7月9日、満93歳にて義母が他界いたしました。

7月10日は参議院議員選挙の投票日、急遽、岡山市役所本庁で期日前投票を済ませ、10日朝一番で東京へ向かいました。

7月11日、喪主を務める妻の長兄(義兄)の提案により家族葬が営まれました。

冒頭で、義兄から「なぜ、家族葬にしたか」、その理由が述べられました。義兄は早稲田大学で長く哲学(専門はフッサール(現象学)の研究)を学び、埼玉県の県立高校の校長を務めた経験を持ち、宗教学についても相当な専門知識を有しています。

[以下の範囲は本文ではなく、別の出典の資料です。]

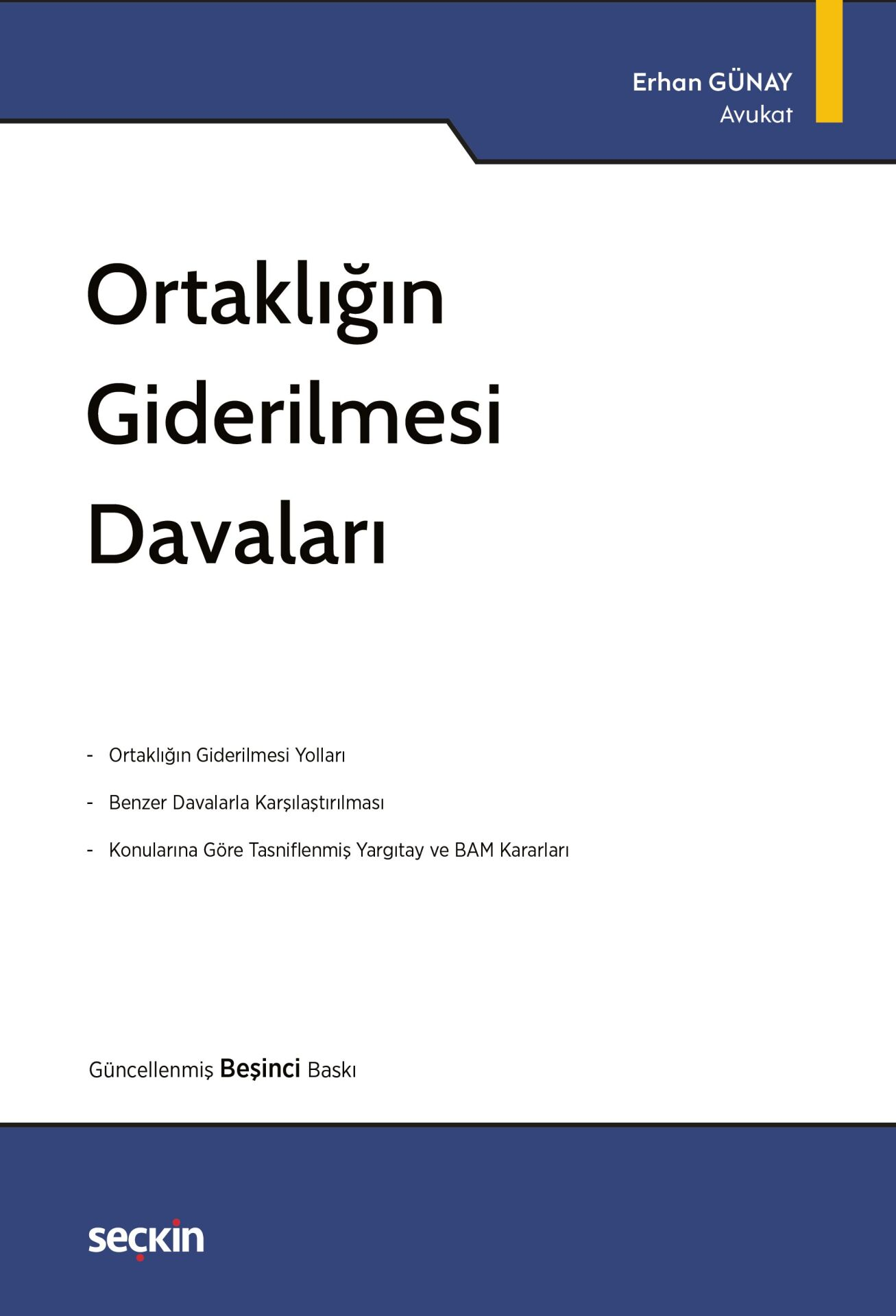 ortakligin-giderilmesi-davalari-19db33.jpg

義兄によれば、「経験上、幾度となく葬儀に列席したが、まず、現代社会、とりわけ東京など大都市の場合は、檀家制度が有名無実化しており、菩提寺の僧侶、つまり葬儀を執り行う僧侶と故人が日常的に会話をする機会がほとんど失われている。ましてや葬儀に参列した人たちは、告別式や葬儀に際して、はじめて宗派も含め誰か見知らぬ僧侶の長い経に付きなわなければならない。確かに、その時間や宗教観・死生観の共有が大切である点は承知しているが、現代人は般若心経さえ意味を理解しないケースが多い中で、いくつもの経を聴くことに、あまり時間価値を見出しにくい。さらに、最近の僧侶の講話を聴くにつけ、本当に経の内容を深く理解して、私たちに講話しているのか疑問を抱くケースが多い。それよりも、身内が集まり、故人との思い出を偲び、語らいながら、野辺送りをするほうが、子供たち、そして何よりも孫、ひ孫にとっても、故人(親)の恩を未来に向けてリレーすることになると思う。」と説明がありました。

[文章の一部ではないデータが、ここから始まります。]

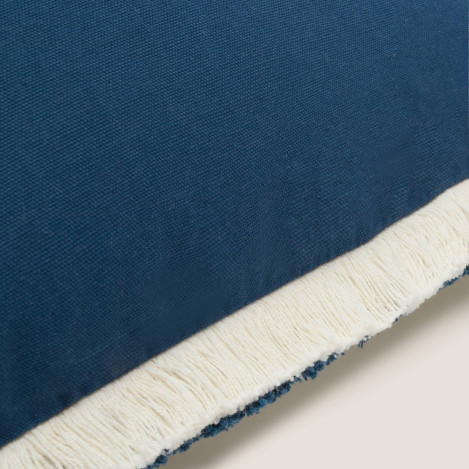 Декоративна калъфка за възглавница Afculac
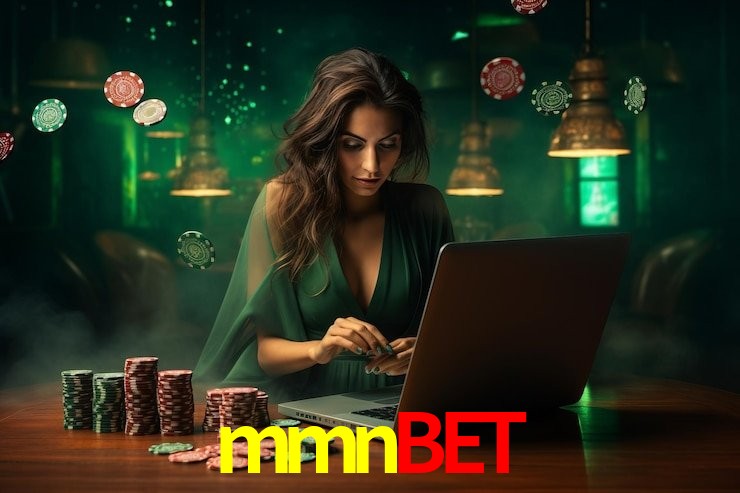mmnbet bet — painel ao vivo com cotações dinâmicas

こうして家族葬が始まりました。会場には、故人の子供のころから、亡くなる介護施設までの写真や思い出の品々が並べられています。故人の父は早稲田大学(第1回生、大隈重信の卒業証書)から、第百銀行(三菱銀行)に勤務したこともあり、古い写真が戦災を免れ数多く残っておりました。葬儀ではじめて、故人の幼いころから娘時代の様子まで知ることができました(そのようなアルバムを見せてもらったことがありませんでした)。また、義兄により、故人が生まれた時から亡くなるまで、時代背景と家族の出来事をあわせて記した年表が準備されており、さながら歴史の授業のような雰囲気の中で故人の足跡を偲びました。そして、一堂に会した親族ひとり一人が故人の思い出話を皆の前で披露し献花を行いました。

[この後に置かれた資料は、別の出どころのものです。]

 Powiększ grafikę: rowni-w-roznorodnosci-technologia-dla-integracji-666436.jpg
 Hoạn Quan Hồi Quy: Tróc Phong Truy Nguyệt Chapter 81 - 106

故人(母)により、妻をはじめ実子たちが、どのような躾や教育を受け、そして親の恩に報いようと、それぞれの人生を送ってきたのか、そして7人の孫たちも、それぞれに「おばあちゃんの思い出」を語り、5人のひ孫たちは、折り紙を折って棺に入れるなど、しめやかな中にもリラックスした雰囲気で家族葬は進みました。普段、なかなか話す機会がない子供たちや、いとこ同士の孫たちも、ゆっくりと近況報告をしあう時間を持つことができました。こうして故人は、喜びながら、先立った義父や家族の待つもとへ旅立って行ったと思います。

現代社会やコミュニティの変容と共に、これからの葬儀のあり方も、こうした新しい形に変化してゆくのかも知れません。

身をもって大切な時を過ごした一日でありました。

また、郷里に仏壇とお墓を残し盆正月に参ることしかできない暮らしが続きます。また、これを郷里に無縁な子供たちに如何に引き継ぐか、さらに現代における家族のあり方や親族との関係、檀家制度や仏教とのかかわり、さまざまなことを大いに考えさせられた一日でもありました。